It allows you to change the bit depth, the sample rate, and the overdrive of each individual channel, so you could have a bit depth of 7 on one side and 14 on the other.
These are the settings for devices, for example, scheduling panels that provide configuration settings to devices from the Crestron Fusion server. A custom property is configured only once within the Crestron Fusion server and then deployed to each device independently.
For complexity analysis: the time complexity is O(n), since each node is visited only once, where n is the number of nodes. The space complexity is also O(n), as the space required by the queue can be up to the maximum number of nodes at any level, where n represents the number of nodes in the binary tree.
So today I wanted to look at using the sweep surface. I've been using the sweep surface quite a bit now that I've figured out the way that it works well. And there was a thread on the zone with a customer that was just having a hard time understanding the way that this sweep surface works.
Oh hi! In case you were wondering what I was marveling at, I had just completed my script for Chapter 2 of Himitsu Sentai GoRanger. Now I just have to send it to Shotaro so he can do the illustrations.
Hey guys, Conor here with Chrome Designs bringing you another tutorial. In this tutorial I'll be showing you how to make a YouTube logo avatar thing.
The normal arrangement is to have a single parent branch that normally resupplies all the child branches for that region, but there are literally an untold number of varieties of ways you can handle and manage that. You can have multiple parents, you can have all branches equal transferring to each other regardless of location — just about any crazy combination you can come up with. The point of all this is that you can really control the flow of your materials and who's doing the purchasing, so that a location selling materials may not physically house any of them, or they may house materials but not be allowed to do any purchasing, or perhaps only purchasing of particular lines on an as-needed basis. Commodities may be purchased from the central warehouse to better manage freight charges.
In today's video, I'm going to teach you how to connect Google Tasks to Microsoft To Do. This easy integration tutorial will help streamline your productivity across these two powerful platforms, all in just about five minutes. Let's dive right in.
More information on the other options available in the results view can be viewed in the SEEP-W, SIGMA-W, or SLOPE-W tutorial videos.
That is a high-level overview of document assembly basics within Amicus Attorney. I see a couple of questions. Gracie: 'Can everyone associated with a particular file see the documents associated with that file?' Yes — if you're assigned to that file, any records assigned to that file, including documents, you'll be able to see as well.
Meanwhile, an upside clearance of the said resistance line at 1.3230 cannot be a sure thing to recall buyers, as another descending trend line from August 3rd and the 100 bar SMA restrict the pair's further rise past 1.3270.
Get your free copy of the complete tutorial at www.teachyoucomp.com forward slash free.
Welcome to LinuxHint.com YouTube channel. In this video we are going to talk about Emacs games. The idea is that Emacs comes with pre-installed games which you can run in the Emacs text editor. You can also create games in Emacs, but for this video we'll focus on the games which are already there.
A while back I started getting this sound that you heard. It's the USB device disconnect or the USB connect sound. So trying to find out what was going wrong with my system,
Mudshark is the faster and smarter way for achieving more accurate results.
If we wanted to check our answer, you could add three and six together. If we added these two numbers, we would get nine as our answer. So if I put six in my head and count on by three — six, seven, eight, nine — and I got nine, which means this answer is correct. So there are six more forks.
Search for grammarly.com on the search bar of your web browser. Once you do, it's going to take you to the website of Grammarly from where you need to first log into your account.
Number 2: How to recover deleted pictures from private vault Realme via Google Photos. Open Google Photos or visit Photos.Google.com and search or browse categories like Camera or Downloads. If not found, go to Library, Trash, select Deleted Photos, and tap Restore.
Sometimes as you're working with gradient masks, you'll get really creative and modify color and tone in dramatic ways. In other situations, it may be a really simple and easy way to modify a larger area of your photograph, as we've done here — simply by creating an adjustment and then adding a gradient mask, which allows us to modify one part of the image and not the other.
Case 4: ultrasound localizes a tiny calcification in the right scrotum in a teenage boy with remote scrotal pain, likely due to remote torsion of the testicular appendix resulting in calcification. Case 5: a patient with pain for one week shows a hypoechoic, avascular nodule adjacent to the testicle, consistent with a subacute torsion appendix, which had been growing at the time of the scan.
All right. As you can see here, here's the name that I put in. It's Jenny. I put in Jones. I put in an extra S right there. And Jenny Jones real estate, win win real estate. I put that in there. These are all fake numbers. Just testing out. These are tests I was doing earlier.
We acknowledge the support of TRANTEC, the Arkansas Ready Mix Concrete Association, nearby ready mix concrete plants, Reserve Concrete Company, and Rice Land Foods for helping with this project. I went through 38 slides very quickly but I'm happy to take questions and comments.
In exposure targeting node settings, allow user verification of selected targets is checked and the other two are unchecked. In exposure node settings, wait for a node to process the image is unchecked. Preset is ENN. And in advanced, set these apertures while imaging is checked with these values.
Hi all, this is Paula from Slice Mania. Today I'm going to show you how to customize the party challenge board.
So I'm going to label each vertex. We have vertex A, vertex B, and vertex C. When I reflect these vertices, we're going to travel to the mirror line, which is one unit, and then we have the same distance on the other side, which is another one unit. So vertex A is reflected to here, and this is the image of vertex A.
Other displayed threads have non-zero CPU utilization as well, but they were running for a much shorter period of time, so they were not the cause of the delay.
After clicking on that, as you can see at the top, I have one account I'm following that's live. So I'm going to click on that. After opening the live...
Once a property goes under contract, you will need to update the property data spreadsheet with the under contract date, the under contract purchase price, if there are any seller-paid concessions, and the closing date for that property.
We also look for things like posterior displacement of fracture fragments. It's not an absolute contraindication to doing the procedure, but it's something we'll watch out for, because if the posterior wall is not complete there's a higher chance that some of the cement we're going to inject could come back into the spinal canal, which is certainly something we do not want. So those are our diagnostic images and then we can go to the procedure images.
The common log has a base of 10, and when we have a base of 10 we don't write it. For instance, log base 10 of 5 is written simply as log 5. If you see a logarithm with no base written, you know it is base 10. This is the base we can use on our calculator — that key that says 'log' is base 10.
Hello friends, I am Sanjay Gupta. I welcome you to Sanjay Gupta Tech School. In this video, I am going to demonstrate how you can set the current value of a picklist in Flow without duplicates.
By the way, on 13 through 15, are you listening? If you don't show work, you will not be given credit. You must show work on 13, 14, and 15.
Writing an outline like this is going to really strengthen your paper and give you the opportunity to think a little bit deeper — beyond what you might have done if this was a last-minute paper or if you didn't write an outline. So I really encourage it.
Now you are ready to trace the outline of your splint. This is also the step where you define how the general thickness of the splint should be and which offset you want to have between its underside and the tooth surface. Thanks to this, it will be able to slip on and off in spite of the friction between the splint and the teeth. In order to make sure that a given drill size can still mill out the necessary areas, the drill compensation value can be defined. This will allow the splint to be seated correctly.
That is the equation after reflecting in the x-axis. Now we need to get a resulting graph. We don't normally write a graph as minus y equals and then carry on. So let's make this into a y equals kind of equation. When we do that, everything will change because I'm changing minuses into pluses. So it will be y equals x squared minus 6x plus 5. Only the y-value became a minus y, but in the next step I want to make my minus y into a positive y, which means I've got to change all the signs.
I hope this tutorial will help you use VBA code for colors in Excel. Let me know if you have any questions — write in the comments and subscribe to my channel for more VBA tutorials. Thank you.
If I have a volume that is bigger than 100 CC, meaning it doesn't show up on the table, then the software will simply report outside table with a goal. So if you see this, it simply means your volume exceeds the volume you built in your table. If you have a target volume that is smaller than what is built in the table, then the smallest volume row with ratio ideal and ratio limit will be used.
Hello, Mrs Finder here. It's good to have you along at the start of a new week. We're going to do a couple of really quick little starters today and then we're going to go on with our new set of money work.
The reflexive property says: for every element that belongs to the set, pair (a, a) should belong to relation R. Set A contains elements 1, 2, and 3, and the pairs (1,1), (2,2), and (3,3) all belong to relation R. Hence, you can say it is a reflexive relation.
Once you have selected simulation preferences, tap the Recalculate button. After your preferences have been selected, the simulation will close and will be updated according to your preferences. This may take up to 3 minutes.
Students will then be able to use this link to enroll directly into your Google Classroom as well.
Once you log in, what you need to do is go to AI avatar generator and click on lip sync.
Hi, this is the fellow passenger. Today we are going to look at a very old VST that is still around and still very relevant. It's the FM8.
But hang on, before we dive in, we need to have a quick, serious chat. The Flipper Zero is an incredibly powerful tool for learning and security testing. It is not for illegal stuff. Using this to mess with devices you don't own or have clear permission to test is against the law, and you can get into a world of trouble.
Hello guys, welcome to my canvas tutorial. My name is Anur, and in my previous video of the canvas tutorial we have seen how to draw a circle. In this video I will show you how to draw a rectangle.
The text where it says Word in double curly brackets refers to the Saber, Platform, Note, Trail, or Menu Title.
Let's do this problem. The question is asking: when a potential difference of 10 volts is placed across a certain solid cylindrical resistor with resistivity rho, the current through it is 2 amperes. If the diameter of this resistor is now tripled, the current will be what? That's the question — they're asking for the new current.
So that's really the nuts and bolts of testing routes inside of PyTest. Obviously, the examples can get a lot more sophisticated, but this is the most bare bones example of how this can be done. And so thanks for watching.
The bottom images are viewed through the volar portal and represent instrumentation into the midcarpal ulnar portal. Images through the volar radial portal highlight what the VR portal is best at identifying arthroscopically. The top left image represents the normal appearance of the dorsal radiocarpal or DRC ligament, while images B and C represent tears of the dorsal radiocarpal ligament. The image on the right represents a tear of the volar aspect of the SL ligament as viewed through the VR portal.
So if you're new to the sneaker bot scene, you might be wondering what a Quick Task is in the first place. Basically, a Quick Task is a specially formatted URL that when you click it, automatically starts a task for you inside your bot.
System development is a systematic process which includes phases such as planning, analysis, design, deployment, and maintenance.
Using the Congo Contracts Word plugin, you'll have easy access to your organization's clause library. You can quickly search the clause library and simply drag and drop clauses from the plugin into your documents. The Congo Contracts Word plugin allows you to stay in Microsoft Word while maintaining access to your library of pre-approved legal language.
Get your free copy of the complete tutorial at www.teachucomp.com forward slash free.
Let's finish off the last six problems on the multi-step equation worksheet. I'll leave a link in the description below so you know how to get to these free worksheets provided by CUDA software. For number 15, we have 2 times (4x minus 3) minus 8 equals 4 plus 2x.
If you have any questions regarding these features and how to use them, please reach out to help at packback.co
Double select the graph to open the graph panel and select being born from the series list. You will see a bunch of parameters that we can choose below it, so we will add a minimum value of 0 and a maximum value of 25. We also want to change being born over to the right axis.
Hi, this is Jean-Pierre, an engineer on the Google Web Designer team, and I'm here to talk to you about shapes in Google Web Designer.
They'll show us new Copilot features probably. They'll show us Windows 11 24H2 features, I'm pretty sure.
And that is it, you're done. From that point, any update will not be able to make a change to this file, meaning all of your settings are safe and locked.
++++++++++
→ Required action: Please state how many lines in the preceding material contain the word "couple", with no other output.

→ Your solution: 2